Le contexte international est clairement dominé par le repli des Etats-Unis hors de l’Asie centrale et du Moyen-Orient voulu par le Président Obama, réélu et soucieux de relancer l’économie américaine et de corriger un modèle social qui écrase les plus faibles.
La montée en puissance de la Chine en Asie face au Japon et en Afrique se confirme ainsi que le retour en force de la Russie de Poutine sur la scène internationale.

En France, François Hollande endosse le costume africain de ses prédécesseurs et défend l’influence de la France en Afrique, continent où le français reste une langue en expansion et dont les richesses en énergie et matières premières perspectives de développement attirent tous les acteurs internationaux.

Néanmoins toujours enfermé dans une vision idéologique et superficiellement émotive des relations internationales, François Hollande ne perçoit pas les vrais intérêts de la France au Moyen-Orient notamment en Syrie, en Irak et en Iran et se fait lâcher en rase campagne d’une part par les États-Unis qui s’entendent sur son dos directement avec les Russes en Syrie et sur le dossier nucléaire iranien et, d’autre part, par l’Europe sur le dossier centrafricain, notamment du fait du véto anglais qui voit d’un mauvais œil la France intervenir dans un pays où l’Afrique du Sud, membre du Commonwealth, essaye de nous remplacer militairement et économiquement en soutenant le Président Bozizé.

Centre-Afrique

L’intervention de la France en Centrafrique procède plus de la lutte d’influence que se livrent les grands acteurs mondiaux et régionaux dans ce continent en plein développement que d’une action pour éviter que le Centrafrique ne devienne, comme la Somalie, un repère djihadiste ou d’une intervention à but humanitaire pour éviter un affrontement de type confessionnel, même si cette dimension est nouvelle dans ce pays et doit être prise sérieusement en compte. La réussite de cette intervention dépend plus de ses volets politique, économique et humanitaire que de sa dimension militaire qui ne présente que des risques limités pour nos soldats mais des risques médiatiques pour l’image de nos forces engagées dans une mission d’interposition et de désarmement des milices.

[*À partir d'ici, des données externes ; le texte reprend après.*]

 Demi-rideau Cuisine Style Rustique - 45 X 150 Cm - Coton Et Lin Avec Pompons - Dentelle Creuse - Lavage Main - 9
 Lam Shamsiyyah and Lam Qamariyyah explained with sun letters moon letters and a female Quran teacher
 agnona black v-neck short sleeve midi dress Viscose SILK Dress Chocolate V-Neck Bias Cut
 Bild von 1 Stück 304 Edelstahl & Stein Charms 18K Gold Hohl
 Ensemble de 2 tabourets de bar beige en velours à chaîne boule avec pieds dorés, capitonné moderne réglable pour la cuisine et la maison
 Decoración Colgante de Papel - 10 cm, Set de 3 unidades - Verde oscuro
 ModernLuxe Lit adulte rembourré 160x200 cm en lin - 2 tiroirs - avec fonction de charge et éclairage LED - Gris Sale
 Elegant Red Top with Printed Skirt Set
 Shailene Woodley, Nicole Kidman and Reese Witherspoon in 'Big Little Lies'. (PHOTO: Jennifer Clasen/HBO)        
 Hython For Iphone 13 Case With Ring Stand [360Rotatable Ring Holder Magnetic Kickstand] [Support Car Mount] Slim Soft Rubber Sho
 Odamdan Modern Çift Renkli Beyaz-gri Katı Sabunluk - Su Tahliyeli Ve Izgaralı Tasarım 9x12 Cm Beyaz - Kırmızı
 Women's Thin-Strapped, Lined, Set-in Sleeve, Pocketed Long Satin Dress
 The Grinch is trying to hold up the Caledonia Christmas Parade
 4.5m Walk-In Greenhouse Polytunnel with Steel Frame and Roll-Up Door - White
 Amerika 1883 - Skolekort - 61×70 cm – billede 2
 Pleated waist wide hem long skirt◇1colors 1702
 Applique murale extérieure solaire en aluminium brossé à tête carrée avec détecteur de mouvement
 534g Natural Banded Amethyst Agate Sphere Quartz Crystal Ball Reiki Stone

En effet, malgré un mandat de la communauté internationale et les massacres interreligieux à Bangui, l’intervention française en Centre-Afrique commence dans un contexte international et national mitigé. L e soutien logistique et financier limité apporté par les Américains et les Européens à notre action, les déclarations contradictoires de François Hollande sur le maintien au pouvoir du Président centrafricain autoproclamé, Michel Djotodia, l’absence d’ennemi clairement identifié, les Sélékas étant un nom générique qui regroupe des formations seulement connues de quelques spécialistes, la mission même d’interposition entre des communautés qui rappelle les mauvais souvenirs du Rwanda ou du Liban, les moyens limités engagés dans un territoire plus grand que la France, la nouvelle réduction des effectifs militaires, annoncée au moment même où nous ouvrons un nouveau théâtre d’opérations, créent une toile de fond peu favorable à un soutien de l’opinion à cette intervention perçue, à tort, par les commentateurs comme un probable guêpier.

En conclusion

Ces trois années ont vu le maintien de l’influence de la France dans le Monde grâce à l’efficacité de son outil militaire démontrée en Afrique (Lybie, Mali) et cela malgré les erreurs diplomatiques des Président Sarkozy et Hollande au Moyen-Orient qui, surestimant les risques du nucléaire iranien et sous estimant la nature confessionnelle de la guerre en Syrie, n’ont pas permis à la France de conserver son positionnement traditionnel de médiateur et nous ont mis hors-jeu, ouvrant la porte à la Russie de Poutine qui a su trouver les voies pour un accord direct avec les Etats-Unis (le nucléaire Iranien et désarmement chimique de Al-Assad).

Général (2S) Jean-Bernard PINATEL

[1] Sous-marins Nucléaires Lanceurs d’Engins.